Una vez más, el Señor se vale de un banquete para indicar que, por medio de su muerte y resurrección, sus discípulos lo recuerden y perpetúen este último momento. La Última Cena va a ser el acto de ofrecimiento que reemplazará a cualquier otro pacto con Dios. Si la Alianza de Dios con el pueblo hebreo se selló, con la sangre de animales, en el Sinaí, ahora, en la persona de Jesús, sumo sacerdote y único mediador de la nueva Alianza, el nuevo compromiso se ordena al memorial de su persona, es decir, la eucaristía que Jesús instituyó mira hacia los días de su Misterio Pascual: su muerte y resurrección.
Sin duda que esta disposición tiene un carácter trascendental y salvífico, que se asemeja a un testamento donde más allá de señalar qué hacer con una herencia, este busca respetar la memoria de quien murió. Al Señor le ocurrió algo similar, no solo quería indicar a los discípulos que sería arrestado, flagelado, crucificado, para luego morir y resucitar, sino que también quería manifestar cómo permanecer con los suyos más allá de los límites del tiempo y del espacio.
Su presencia en el pan y el vino es el modo de cómo permanece en medio de la comunidad. Jesús ofrece su Cuerpo y su Sangre, que representan la totalidad de su persona. Donde el pan es figura del alimento cotidiano del hombre y el vino significa la fiesta alegre de sentirnos llamados a un banquete fraterno, donde Jesús se da como don, no porque seamos buenos sino porque él es pura misericordia.
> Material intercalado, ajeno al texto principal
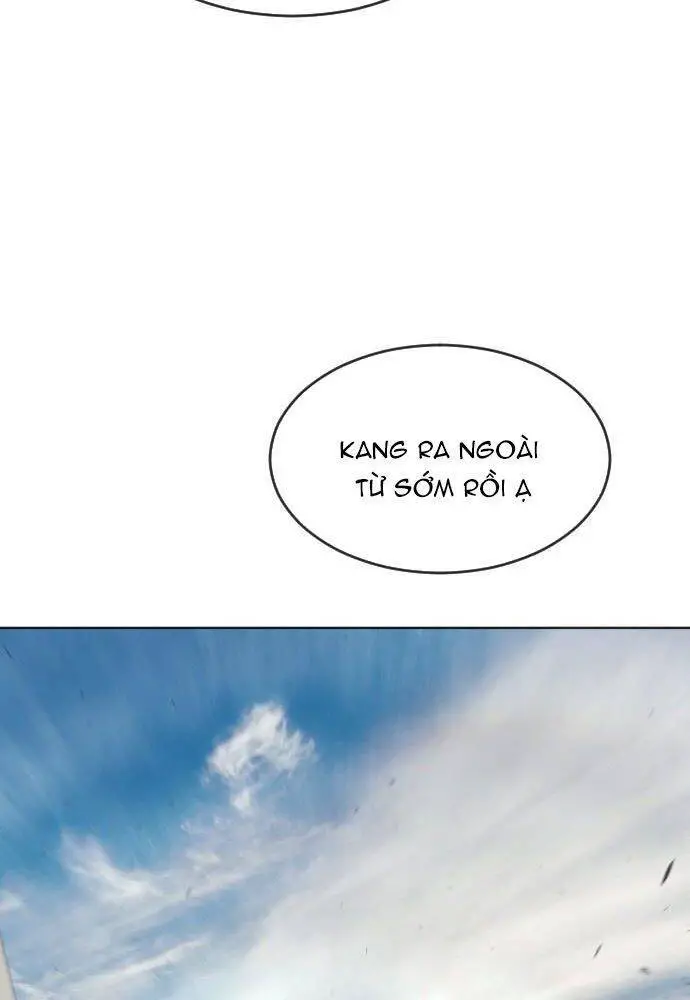 Kĩ Nguyên Của Anh Hùng Nettruyen ZZZ Chương 94 Page 134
La eucaristía no es un recuerdo subjetivo o un estímulo moral, sino que se trata de la presencia real de su persona, de su acción salvadora, que es eternizada por su resurrección y que la hacemos vida cada vez que nos adherimos, no por cumplir sino por amor, a su mandato: “hagan esto en memoria mía”.
“Y les dijo: ‘Esta es mi Sangre, la Sangre de la Alianza, que se derrama por muchos…’”, Mc 14, 24.